I once experienced a very rapid onset of carburetor ice in a straight-tail Cessna 182 in instrument conditions. The engine ran rough and as I pulled the carburetor heat on, the control broke off in my hand (the wire leading to the carb air box failed). I landed on a gravel strip in a valley after emerging from the base of the clouds. It was a high base, and the landing was uneventful. On another occasion I pushed the power up too quickly when deer ran in front of the J-3 cub I was flying, and the engine promptly quit. I was attempting to go around, but made other plans one the power was gone. That too, was uneventful. On another occasion, I experienced a rough engine and then a failure due to a fuel flow fluctuation condition in a Cessna 207. It was in rough desert mountain terrain, and I was close to the terrain. It happened to occur in an unfavorable spot. Switching tanks, applying boost, and adjusting the throttle and mixture resulted in a quick recovery and an uneventful landing at an airport not long thereafter.
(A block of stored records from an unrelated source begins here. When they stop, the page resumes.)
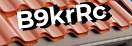 Введите код с картинки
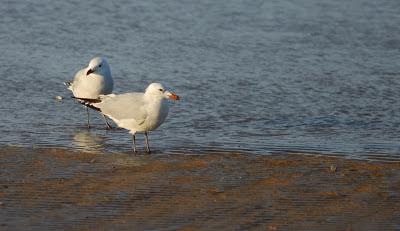 Información de gaviotas de audouin y cabecinegra Información de gaviotas de audouin y cabecinegra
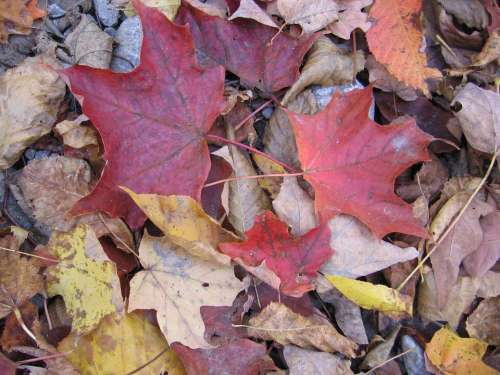 Foliage Dry Leaves Autumn Colorful Fall
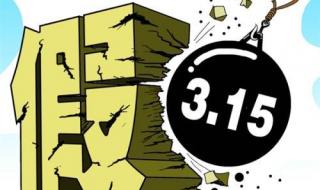 315打假是什么意思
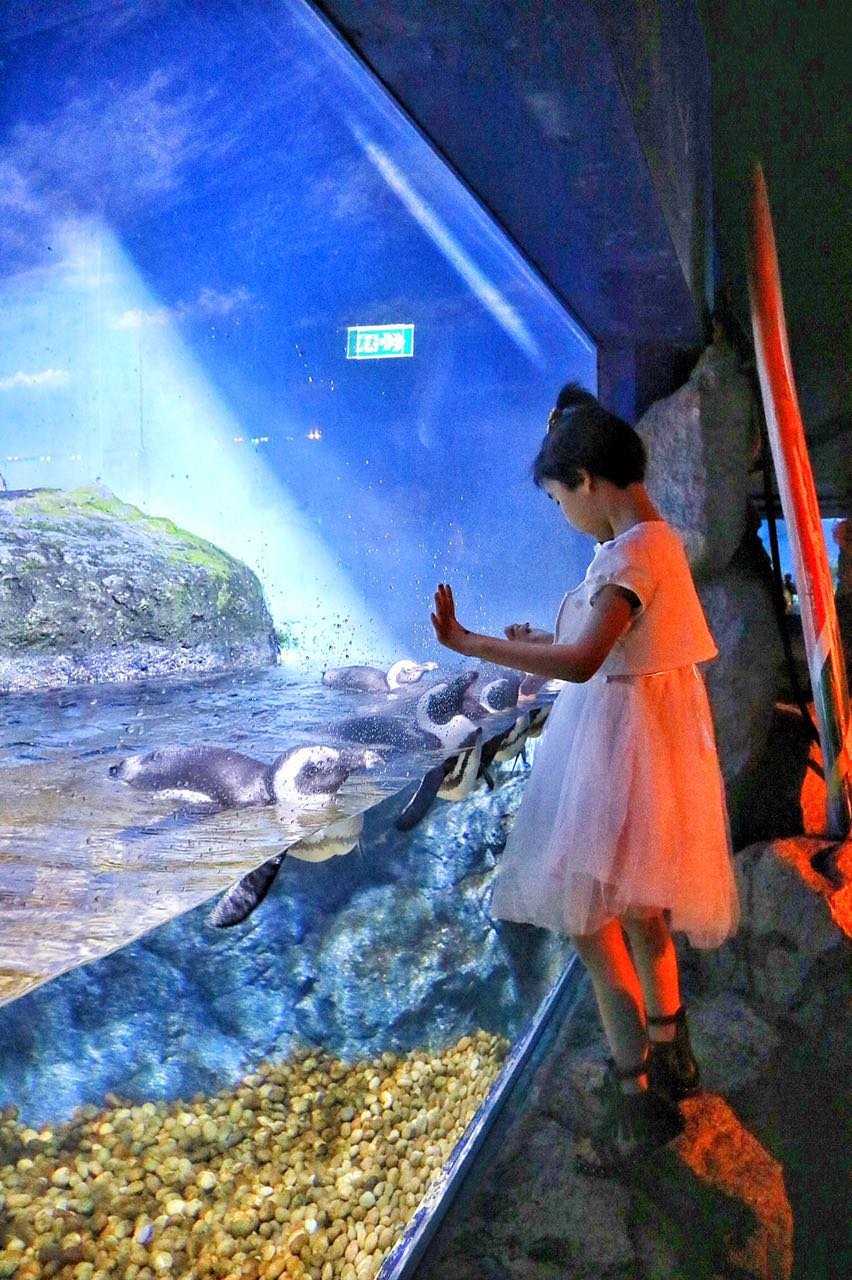 暹罗百丽宫,旅游攻略,自助游,自驾游,自由行,游玩攻略指南【去哪儿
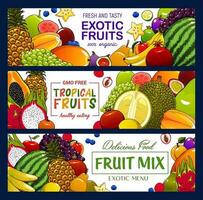 tropisch fruit en BES banners vector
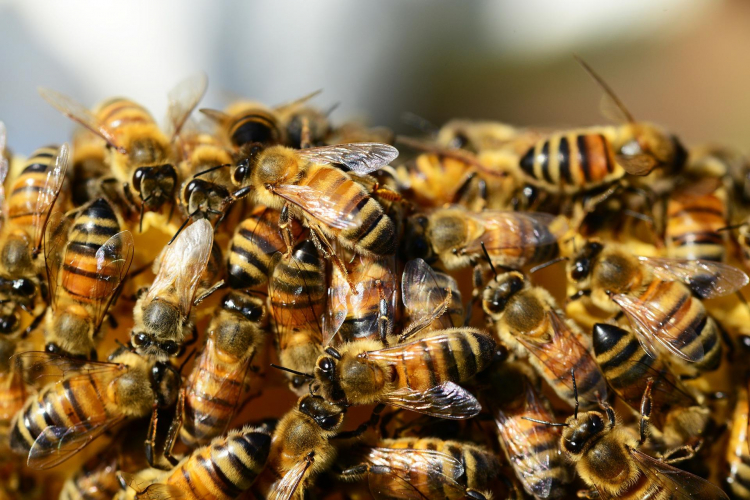 В Азербайджане зафиксирована массовая гибель пчел
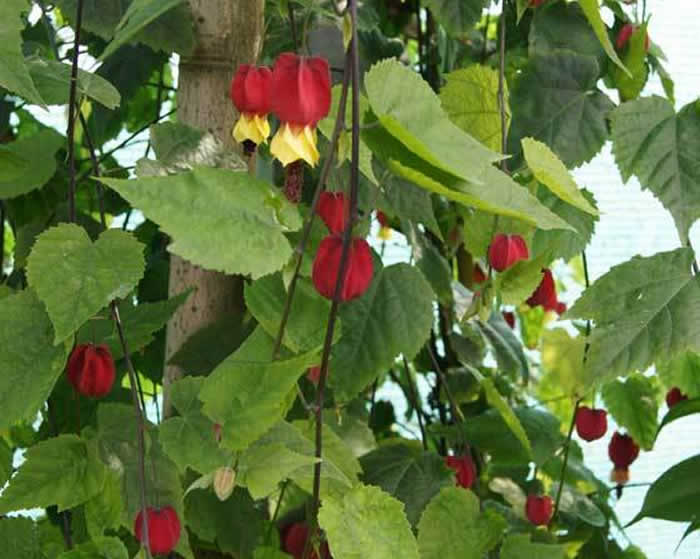 Abutilon megapotamicum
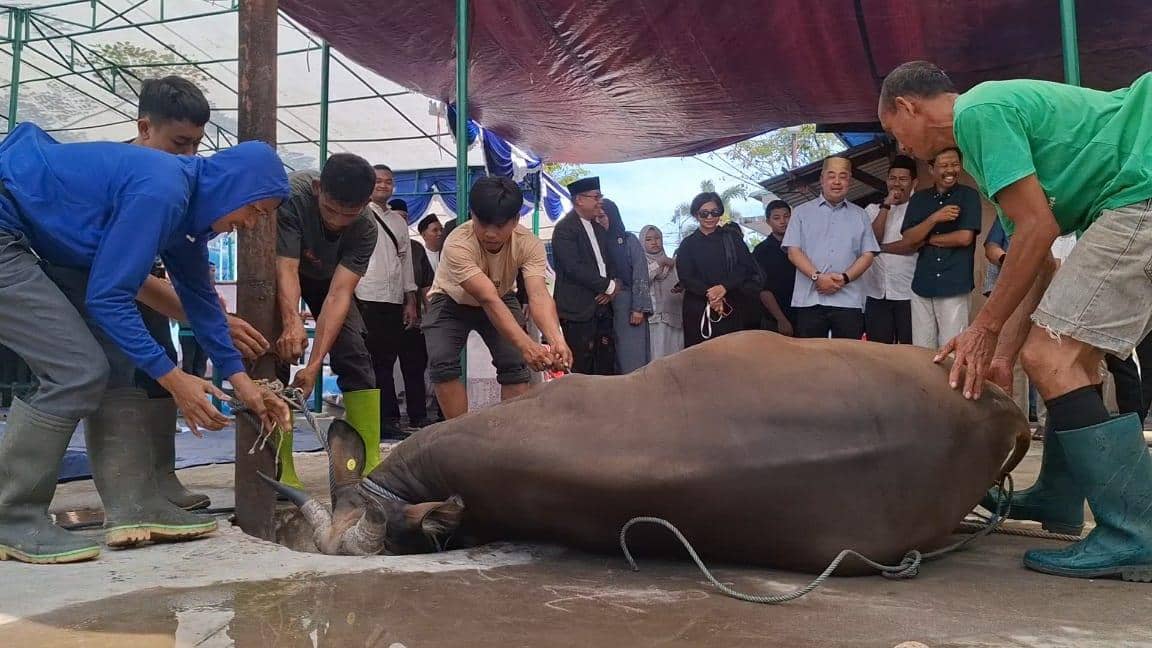Beberapa orang mengenakan sepatu bot sedang memegang sapi yang akan disembelih saat prosesi kurban, disaksikan sejumlah pegawai di Makassar.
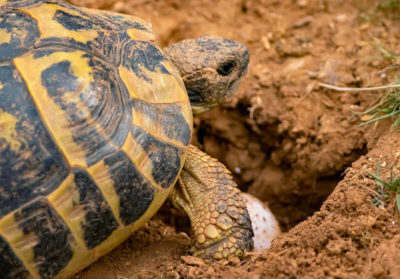 Tortue d'Hermann et un oeuf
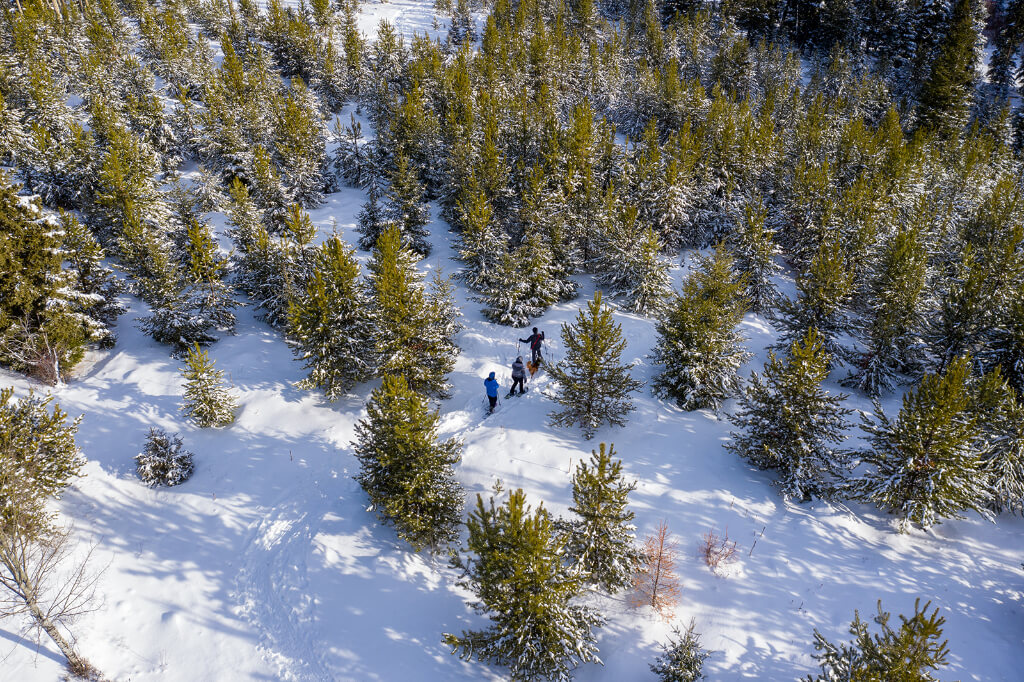 Top view of tall trees and three people in the snow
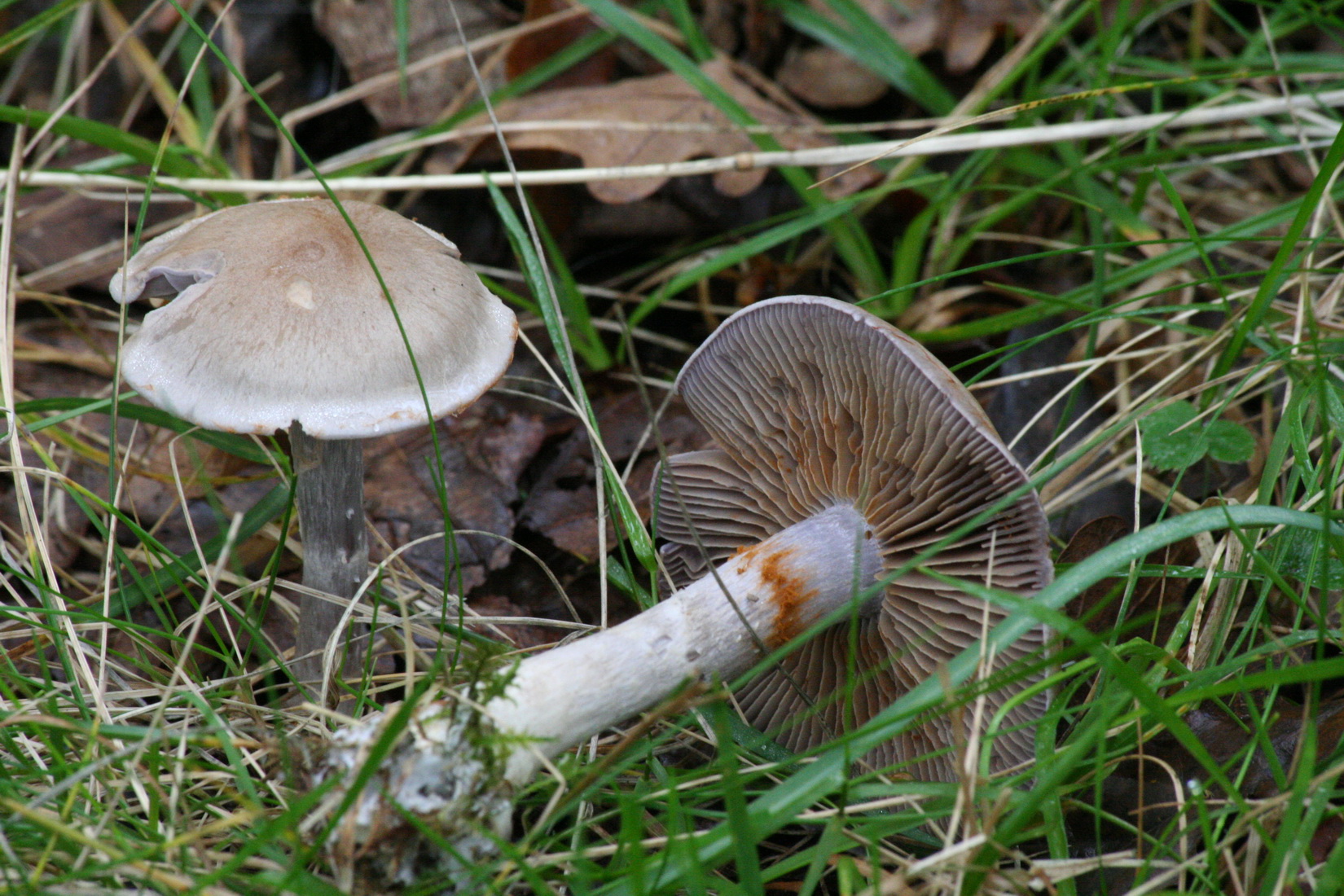 Cortinarius anomalus
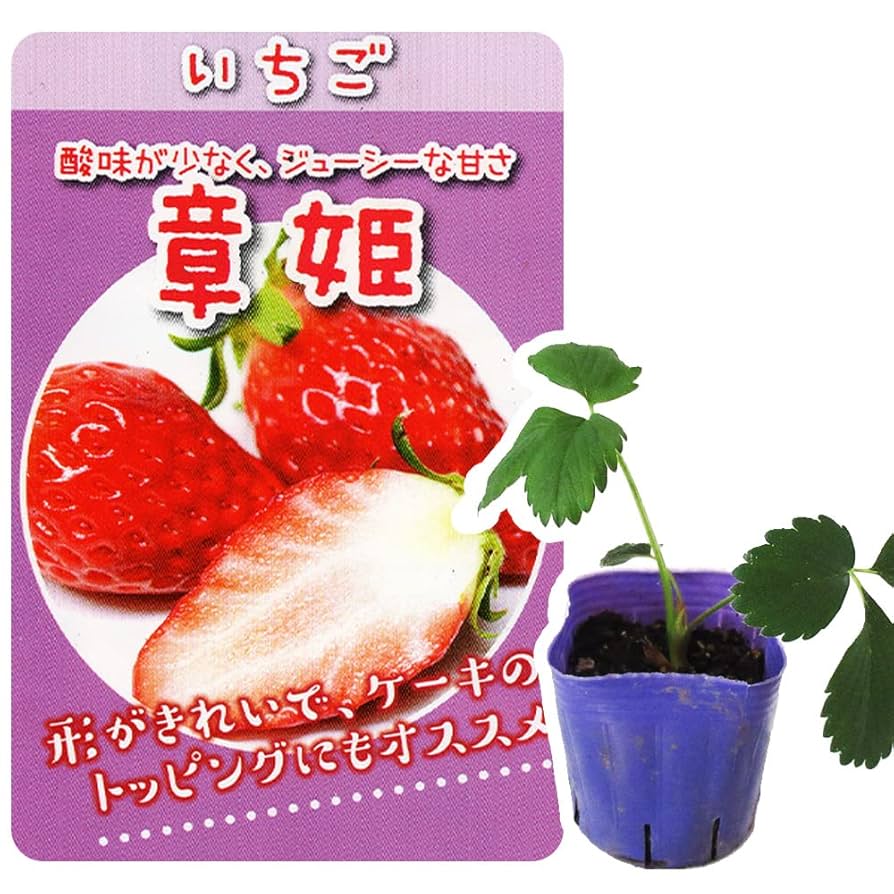 いちご苗濃姫60個セット 専用出品！ イチゴ：初姫（ういひめ）3号ポット 2株セット の通販 | 園芸ネット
On another occasion in a Cessna 206 a lot of banging and vibration occured when a magneto failed not long after departure. I prepared to land on a road, and in the process switched mags, found that it ran extremely rough on one and very well on the other, and made an uneventful landing at an airport not too far away. On another occasion with a student, the airplane began vibrating hard and shaking, I reduced power and remained over a highway while making my way to an airport. I continued to climb a little as I went, and kept suitable sites to make a forced landing beneath me. I landed at the airport without event. On another occasion with a student, following a simulated power off approach to a runway during training, the student applied power to go around and we did...for about 30 seconds...then the engine ran very rough and then quit. Timely application of carburetor heat restored power and we continued around the pattern.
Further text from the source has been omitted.